I am trying to create a DAG in Apache Airflow that performs two tasks: Task 1 pulls data from a Google Sheet, cleans the data, and returns a pandas DataFrame. Task 2 takes this DataFrame and pushes the data to a BigQuery table. I have set up the tasks and dependencies in my DAG, but Task 2 is unable to pull the data from Task 1 using XCom.
I have written the code to push the data from Task 1 to XCom, and the code to pull the data from XCom in Task 2. However, Task 2 is unable to pull the data and the value of the variable df_json is None.
I have checked that the key for XCom is the same in both tasks and that the DataFrame is being correctly converted to a JSON string in Task 1. I have also checked that both tasks have provide_context=True set in the PythonOperator.
I have included my code below for reference.
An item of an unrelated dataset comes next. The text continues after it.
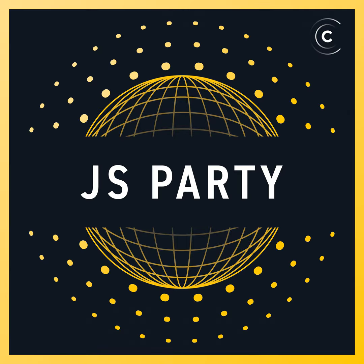This is JSParty, your weekly celebration of JavaScript and the web. Find us on the web at jsparty.fm, where you'll find our popular and recommended episodes, clips, and more. Big thanks to our partners at fly.io — over three million apps have launched on fly, including ours. You can too in five minutes or less. Learn how at fly.io.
Can someone help me figure out why Task 2 is unable to pull the data from Task 1 and what I can do to fix this issue?
# Import the necessary modules
# Code Details are here
# create a new dataframe with the same values as the original dataframe
df = filtered_df.copy()
year = datetime.today().year
# convert Day column to string type
df['day'] = df['day'].astype(str)
# extract only the numeric part of the string
df['day'] = df['day'].str.extract('(\d+)')
# create a new column with the month number
df['month_num'] = pd.to_datetime(df['month'], format='%B').dt.month
# create a temporary date column
df['date_temp'] = pd.to_datetime(df['month_num'].astype(
str) + '/' + df['day'].astype(str) + '/' + str(year), format='%m/%d/%Y', errors='coerce')
# check for invalid day values
invalid_days = df.loc[df['date_temp'].isnull(), 'day']
# print the invalid day values
print('Invalid day values:', invalid_days.tolist())
# remove rows with invalid day values
df = df.drop(df.loc[df['date_temp'].isnull()].index)
# create a new column with the date
df['date'] = pd.to_datetime(df['month_num'].astype(
str) + '/' + df['day'].astype(str) + '/' + str(year), format='%m/%d/%Y')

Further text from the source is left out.